Unabhängig vom Tierkreis ist auch der Jahreswechsel ein wichtiger Zeitpunkt. Zum Neujahr, dem bedeutendsten spirituellen Übergang in Japan, taucht das Pferd häufig in symbolischer Form auf. Es steht für einen guten, kraftvollen Beginn und für die Hoffnung, dass Gebete schnell und sicher ihren Weg zu den Kami finden. Der Gedanke dahinter ist alt: Pferde galten als Wesen, die Botschaften besonders rasch übermitteln können. Gerade zu Beginn eines neuen Zyklus wird diese Vorstellung als unterstützende Kraft verstanden.

Auch im landwirtschaftlich geprägten Jahreslauf hatte das Pferd seinen festen Platz. Vor allem im Frühjahr und Frühsommer, wenn Wachstum einsetzt und Regen benötigt wird, wurde das Pferd verehrt oder symbolisch dargebracht. In dieser Zeit bat man die Gottheiten um Fruchtbarkeit, Schutz und ein gutes Gedeihen der Felder. Das Pferd verband hier menschliche Arbeit, Naturkräfte und göttliche Ordnung miteinander. Es wurde zum Sinnbild der Bewegung, die das Leben wieder in Gang setzt.
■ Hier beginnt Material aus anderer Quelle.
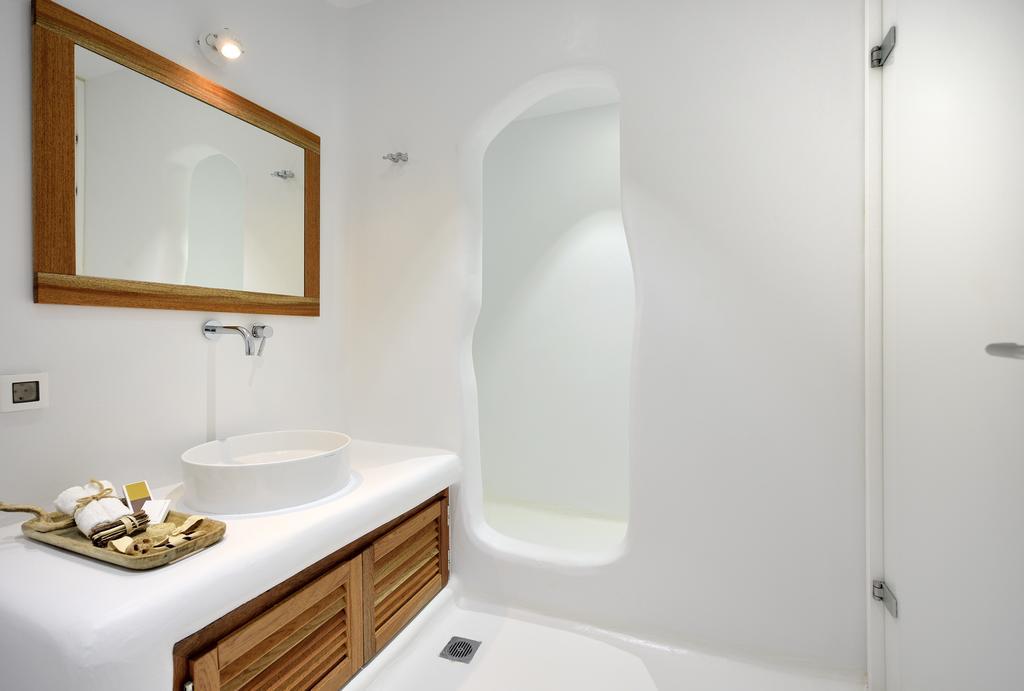 Mykonos Ark Villas Ftelia  Zewnętrze zdjęcie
Bei bestimmten Schrein-Festen, den Matsuri, erscheint das Pferd ebenfalls zeitlich gebunden. Ob in Form von Statuen, Darstellungen oder rituellen Symbolen – es steht dann für die Ankunft oder das Wirksamwerden der Gottheit. Die göttliche Kraft wird nicht als statisch verstanden, sondern als etwas, das sich bewegt und manifestiert. Das Pferd macht diese Bewegung sichtbar.

Im buddhistischen Kontext ist diese zeitliche Bindung weniger ausgeprägt. Dort erscheint das Pferd nicht als Jahreswesen, sondern als zeitloses Symbol für innere Energie, Disziplin und den Weg des Geistes. Während der Shintō das Pferd fest in den Jahresrhythmus einbettet, bleibt es im Buddhismus eher ein Sinnbild, das unabhängig von Kalender und Saison verstanden wird.

So wird das Pferd in Japan immer dann „in die Zeit genommen“, wenn Wandel, Neubeginn oder Wachstum im Mittelpunkt stehen. Es markiert Übergänge und erinnert daran, dass Bewegung – im Jahreslauf wie im Inneren des Menschen – eine heilige Kraft sein kann.